**What you have to do**: Write down each entry again, exactly as it reads.
==== The data
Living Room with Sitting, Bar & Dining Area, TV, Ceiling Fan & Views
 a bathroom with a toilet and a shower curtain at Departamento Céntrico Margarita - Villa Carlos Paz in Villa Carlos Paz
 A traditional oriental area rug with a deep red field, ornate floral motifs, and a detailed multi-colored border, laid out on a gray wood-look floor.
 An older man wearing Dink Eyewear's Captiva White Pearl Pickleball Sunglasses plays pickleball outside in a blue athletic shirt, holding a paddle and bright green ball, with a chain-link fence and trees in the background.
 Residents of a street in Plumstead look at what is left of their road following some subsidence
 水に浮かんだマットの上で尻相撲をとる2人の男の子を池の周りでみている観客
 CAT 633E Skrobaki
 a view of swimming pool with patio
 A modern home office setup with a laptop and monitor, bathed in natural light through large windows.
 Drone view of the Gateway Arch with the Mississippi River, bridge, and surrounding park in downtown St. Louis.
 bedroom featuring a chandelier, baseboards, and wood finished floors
========
**Completed task**:
Living Room with Sitting, Bar & Dining Area, TV, Ceiling Fan & Views
 a bathroom with a toilet and a shower curtain at Departamento Céntrico Margarita - Villa Carlos Paz in Villa Carlos Paz
 A traditional oriental area rug with a deep red field, ornate floral motifs, and a detailed multi-colored border, laid out on a gray wood-look floor.
 An older man wearing Dink Eyewear's Captiva White Pearl Pickleball Sunglasses plays pickleball outside in a blue athletic shirt, holding a paddle and bright green ball, with a chain-link fence and trees in the background.
 Residents of a street in Plumstead look at what is left of their road following some subsidence
 水に浮かんだマットの上で尻相撲をとる2人の男の子を池の周りでみている観客
 CAT 633E Skrobaki
 a view of swimming pool with patio
 A modern home office setup with a laptop and monitor, bathed in natural light through large windows.
 Drone view of the Gateway Arch with the Mississippi River, bridge, and surrounding park in downtown St. Louis.
 bedroom featuring a chandelier, baseboards, and wood finished floors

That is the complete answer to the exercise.